Newt Gingrich says all the attention to be paid in Las Vegas by GOP officials and wannabe presidents this weekend to billionaire campaign donor Sheldon Adelson—a patron of Gingrich's 2012 White House bid—is something that won't go away until genuine campaign finance reform occurs.

"Whether it's the Koch brothers or [George] Soros on the left or Sheldon," said the former House speaker in an interview with National Journal on Friday, ticking off other campaign mega-donors, "if you're going to have an election process that radically favors billionaires and is discriminating against the middle class—which we now have—then billionaires are going to get a lot of attention."

 

Gingrich was asked about the gathering of some top Republicans in Las Vegas for what officially is the spring meeting of the Republican Jewish Coalition.

Some have even taken to dubbing the event the "Sheldon Primary," for the casino mogul who almost single-handedly bankrolled Gingrich's presidential candidacy in 2012 and is said to be looking for another horse to back for the White House in 2016.

In fact, several news outlets including The Washington Post reported this week that various one-on-one chats between the 80-year-old Adelson and potential Republican presidential nominees could be the most important aspect of the Las Vegas event.

 

The list of attendees includes former Florida Gov. Jeb Bush, New Jersey Gov. Chris Christie, Wisconsin Gov. Scott Walker, and Ohio Gov. John Kasich, according to published reports.
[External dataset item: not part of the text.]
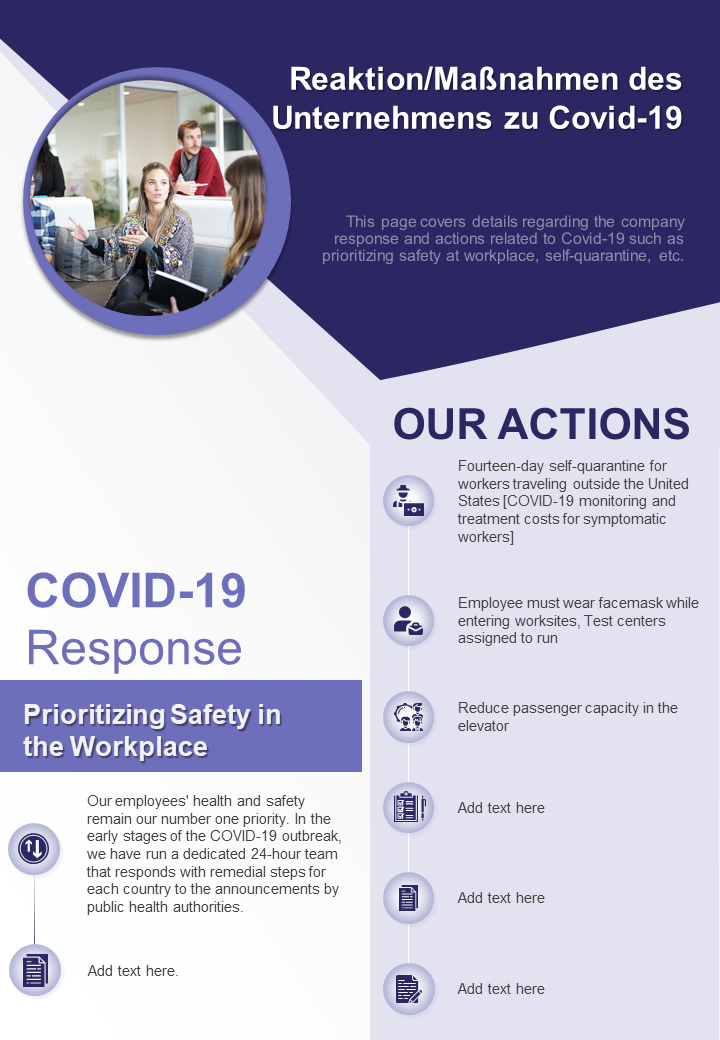 Reaktion Maßnahmen des Unternehmens zu Covid 19 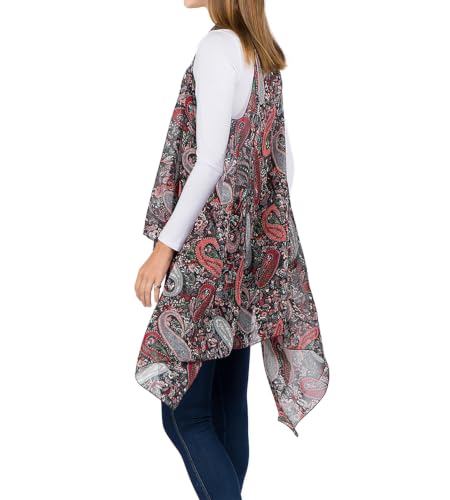 Image of Scarfand's Women's Sheer Open Front Lightweight Sleeveless Long Duster Cardigan Vest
So, what could be at stake in wooing Adelson? Independent analyses by groups such as ProPublica have determined that Adelson spent more money on elections in 2012 than anyone else in history. ProPublica determined after combing through Federal Election Commission and IRS records that Adelson and his wife, Miriam, spent at least $98 million during that election cycle.
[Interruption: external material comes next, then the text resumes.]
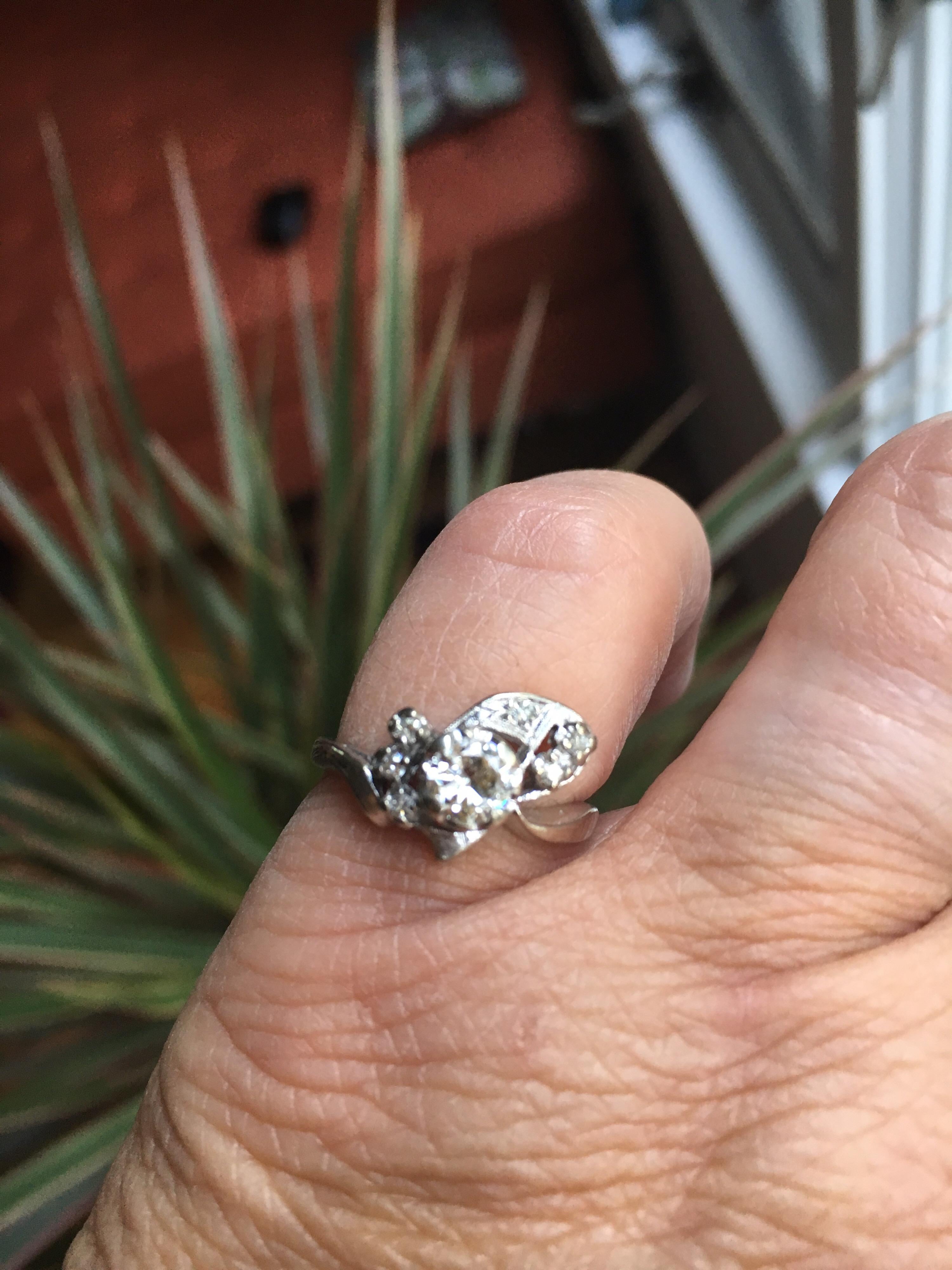Brilliant Cut 1930s Diamond Platinum Engagement Promise Ring For Sale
The money went to at least 34 different candidates and groups, with contributions ranging from $2,000 for a Florida congressional candidate to $30 million for Restore Our Future, the super PAC that supported 2012 GOP nominee Mitt Romney.

ProPublica also found that Adelson gave $20 million to Winning Our Future, a super PAC backing Gingrich's campaign before he called it quits; $23 million to American Crossroads, a conservative super PAC; and $5 million each to the Congressional Leadership Fund and the YG Action Fund, both of which supported Republican candidates for Congress.

 

Gingrich is not attending the gathering this weekend. But when asked by National Journal about all the focus on Adelson's role, he said, "Sheldon's a generous guy and he can attract a lot of players who want to come and hang out with him, and then they collectively attract a number of potential candidates."

But Gingrich added, "The truth is, we desperately need an election reform which allows candidates to receive the same amount of money as super PACs." House Speaker John Boehner is also expected to attend the event this weekend.